Wesentliche PM10-Emittenten sind industrielle Prozesse, Feststofffeuerungen und der Kfz-Verkehr.

Beurteilungsmaßstab zum Schutz der menschlichen Gesundheit sind die in der Richtlinie 2008/50/EG bzw. der 39. BImSchV festgelegten Grenzwerte (50 µg/m3 als Tagesmittelwert, 35 Überschreitungen im Jahr zulässig; 40 µg/m3 als Mittelwert im Kalenderjahr). Der Richtwert der WHO für PM10 beträgt 20 µg/m3 im Jahresmittel.

2) PM2,5-Immissionskonzentrationen

Die noch kleineren Feinstaubpartikel mit einem aerodynamischen Durchmesser bis zu 2,5 µm dringen tief in die Bronchien und bis in die Lungenbläschen ein. Vor allem für empfindliche Personen mit schon bestehender Lungen- oder Herzerkrankung besteht bei Langzeitexposition mit PM2,5 ein erhöhtes Gesundheitsrisiko. Der Straßenverkehr ist neben Hausbrand, Industrie und Landwirtschaft die wichtigste anthropogene Quelle für PM2,5.

Der Grenzwert der 39. BImSchV beträgt 25 µg/m3 als Jahresmittelwert.

Der Richtwert der WHO für PM2,5 beträgt 10 µg/m3 im Jahresmittel.

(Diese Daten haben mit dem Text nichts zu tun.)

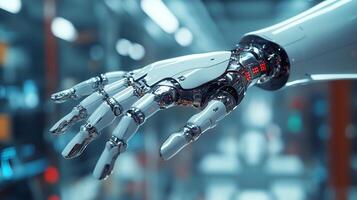Advanced Robotic Hand in High-Tech Industrial Setting Representing AI and Automation photo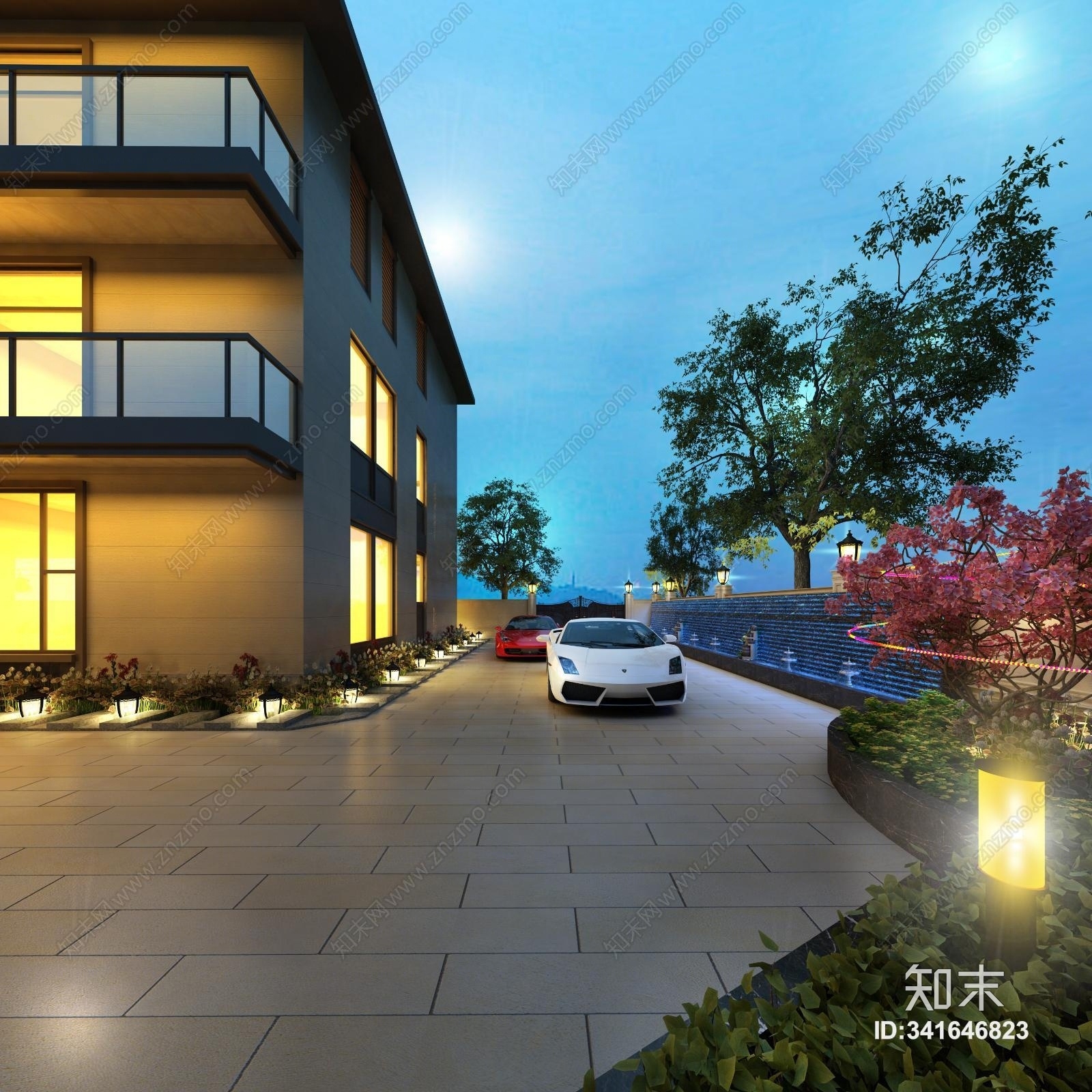 现代夜景建筑泳池凉亭植物3D模型下载【ID:341646823】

3) NO2-Immissionskonzentration

Erhöhte NO2- Konzentrationen können beim Menschen zu Reizungen der Atemwege führen. NO2 ist zudem eine wichtige Vorläufersubstanz für die sommerliche Ozonbildung in den bodennahen Luftschichten. Abgesehen von geringen Anteilen aus natürlichen Quellen stammt NO2 in etwa zu gleichen Anteilen aus industriellen Verbrennungsprozessen und aus dem Kraftfahrzeugverkehr. Die bodennahen Emissionen der Kraftfahrzeuge führen insbesondere in den Ballungsräumen zu hohen Luftbelastungen, seit dem Jahr 2000 teilweise mit zunehmender Tendenz.

Beurteilungsmaßstab zum Schutz der menschlichen Gesundheit sind die ab 1.1.2010 einzuhaltenden Grenzwerte gemäß der Richtlinie 2008/50/EG bzw. der 39. BImSchV (40 µg/m3 als Mittelwert im Kalenderjahr; 200 µg/m3 als 1-h-Mittelwert (18 Überschreitungen im Jahr zulässig)).

Der Richtwert der WHO für NO2 beträgt 40 µg/m3 im Jahresmittel.

4) Ozonkonzentrationen

Erhöhte Ozonkonzentrationen können zu Vegetationsschäden führen und auch die menschliche Gesundheit beeinträchtigen, insbesondere durch Reizungen der Atemwege und Augen.

Ozon wird nicht direkt emittiert, sondern aus Vorläuferstoffen (flüchtige organische Verbindungen sowie Stickstoffoxide) unter dem Einfluss der Sonnenstrahlung gebildet. Die besonders wirkungsrelevanten Ozonspitzenwerte treten deshalb insbesondere im Sommer bei geringem Luftaustausch, hohen Temperaturen und starker Sonneneinstrahlung auf. Detaillierte Langzeitanalysen haben ergeben, dass die Ozon-Spitzenwerte zwar zurückgegangen sind, die chronische Belastung jedoch zunimmt.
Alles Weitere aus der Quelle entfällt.